Lilo tertawa-tawa sendiri merasakan kegelian yang amat sangat. Begitu juga cewek yang duduk di sebelah lilo, sampai menjerit-jerit merasakan kegelian dari gigitan ikan kecil-kecil ini.



Selesai acara digigit ikan kecil, maka acara penyelam memberi makan ikan pari dan lain-lain sudah dimulai. Tempat duduk sudah penuh, sehingga sudah tidak kebagian tempat lagi.



Ini acara yang sangat menarik. Audience tidak hanya disuguhi tontonan pemebrian makan ke ikan, tetapi diselipi ilmu pengetahuan dasar tentang hewan-hewan air tersebut.

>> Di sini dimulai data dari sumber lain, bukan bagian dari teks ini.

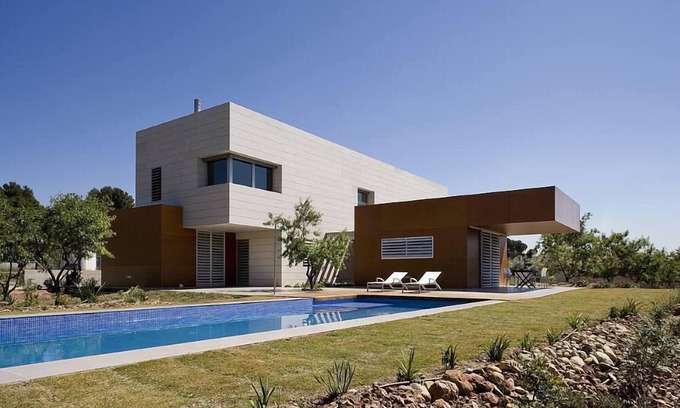 Viladecavalls House | Modern and big house with swimming-pool and garden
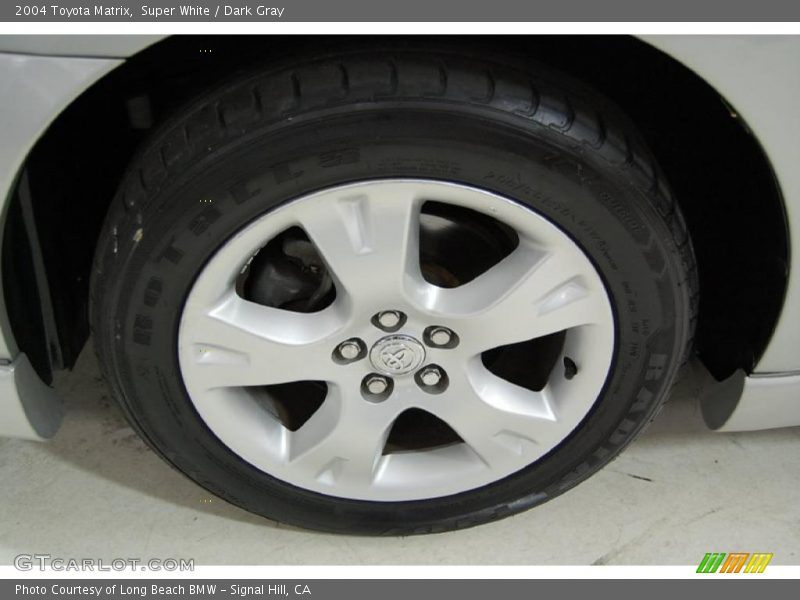 Super White / Dark Gray 2004 Toyota Matrix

Lilo dengan fasih menerangkan apdaku bedanya Kura-kura dengan Penyu. Persis seperti yang dijelaskan oleh "ilmuwan" yang ada di depan panggung.

"Bedanya pada kaki pak, kalau penyu gak punya jari-jari dan hidupnya di laut", begitu Lilo dengan serius menjelaskan padaku.

Yah.... tidak sia-sialah Lilo berlangganan National Geographic untuk anak-anak.

Jam sudah menunjukkan tengah hari dan saatnya untuk pulang. Makan duluj di kantin yang ada dan kemudian langsung meluncur pulang. Sempat juga beli minuman, foto dengan badut dan beli kaos di pintu keluar.



Terima kasih ya Tuhan. Atas kehendakMu, kami bisa bersenang-senang hari ini. Semoga kami jadi orang yang pandai bersyukur. Amin.